Why was my entire family deported? Mainly because my grandfather had been captured by the Germans during World War II. It did not matter that he had escaped from the camp, joined the partisans and fought the Nazis until the war ended. In fact, that worked against him.
It was bad enough that he had surrendered in war. Many, many Soviet soldiers were captured at the war’s beginning due to the leadership of Stalin’s incompetent generals, and many were sent to prison camps for it after they returned. But local Communist Party officials resented my grandfather all the more for showing traits of initiative and leadership in his escape. They put his name on a deportation list with two accusations: “former prisoner of war,” and “kulak” — Russian socialists’ word for “middle class.”
In Kazakhstan, my family had to dig and live in a dugout in the earth. Guards on horseback drove all of the “special settlers” to work with whips. Children, who were made to labor alongside adults, were occasionally shot while scavenging for food. Torture was commonplace for anyone showing attitude, and Shota experienced it more than once. Many died of starvation and disease.
Two years later, after Stalin’s death, two young Georgian colonels arrived in the camp. Of the fourteen wagons that had left Georgia in 1951, only two train wagons’ worth of families were being returned, told their deportation had been in error — my family among them.
Years later, when I was vetted for Georgia’s Ministry of State Security, the document from Moscow on my grandfather read: “Fully exonerated. All charges groundless.” I read it myself. But our family’s stigma as class enemies did not disappear with a piece of paper. When the family returned to Bebnisi, Shota and his sisters were two years behind in school. Neighbors had taken their furniture, dishes, and carpets. My grandfather rebuilt what he could, but at 46 his heart gave out.
I am Shota Gelashvili’s son. Born in 1972, I grew up knowing exactly what socialism is. My father made sure I knew, because he had watched it destroy his own father and strip him of his livelihood. He survived deportation, Soviet courts and decades of persecution.
The Gallup poll did not ask its respondents to define socialism. It asked only whether their impression is positive or negative. Most Americans associate the word “socialism” with equality and government services — not with deportation lists, sealed cattle wagons, or children hauling earth until they die of heat.
But socialism, in practice, does not work without force and brutality, even if you give it nice adjectives like “democratic.” Socialism is not really a policy or an economic system. It is not Scandinavia. It is a machine whose only function is to destroy anyone sufficiently capable, principled or stubborn enough to threaten those who operate it. It does this legally, bureaucratically and, when necessary, with bullets.
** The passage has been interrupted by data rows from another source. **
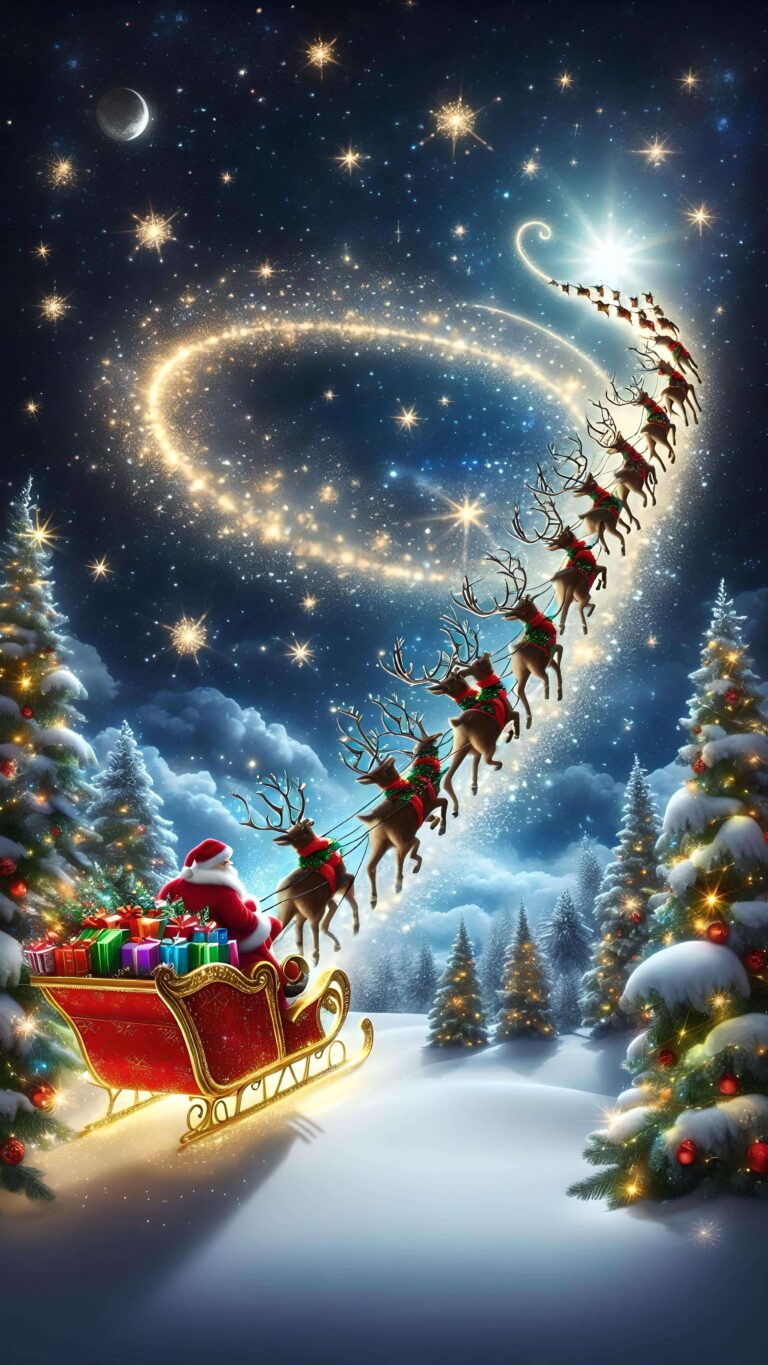 Reindeer Ascent Through Winter Stars Wallpaper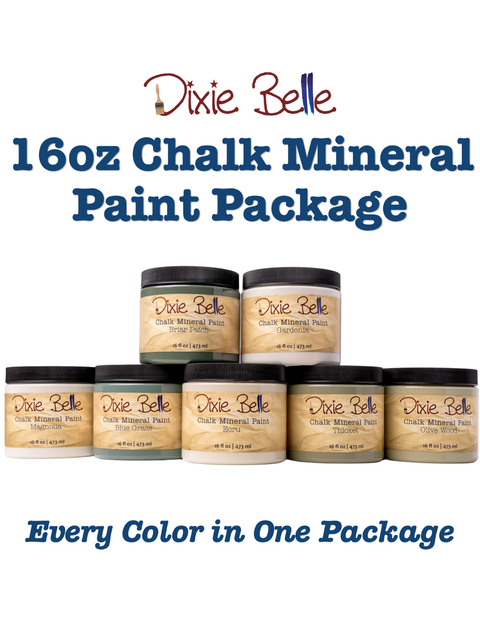 Promotional graphic for a Dixie Belle 16oz Chalk Mineral Paint Package, showing seven paint jars arranged in two rows on a white background with large blue text reading '16oz Chalk Mineral Paint Package' and 'Every Color in One Package.'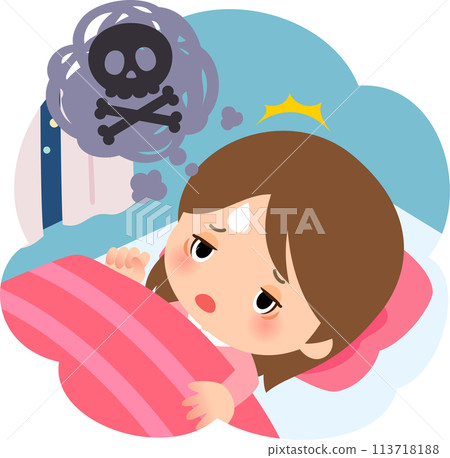 Woman wakes up from a nightmare Woman wakes up from a nightmare 113718188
And even when socialism finally and thankfully disappears, it has a distinctive habit of leaving behind impoverished, authoritarian basket-case countries with decades of problems to sort out.
In 1988, the same year my father was secretly listening to Radio Free Europe (Soviet law classified this as a crime), Bernie Sanders sat bare-chested in a Soviet banya, wrapped only in a towel, singing with his Soviet hosts over vodka toasts. He later called it “a very strange honeymoon.” His hosts knew exactly what to show him and what to hide from him.
My father knew what was being hidden. He had lived inside it.
Before you carry that flag or cast that vote for socialism, I ask only that you learn what is behind it. My family paid for that knowledge with their bodies, their decades, their country and their lives.
Emzari Gelashvili is a former member of the Georgian Parliament (2008-2012) and former senior official in Georgia’s Ministry of State Security, Ministry of Defense, and Ministry of Internal Affairs. He is co-founder of SU & EG LLC, a California-based importer of traditional Georgian wines.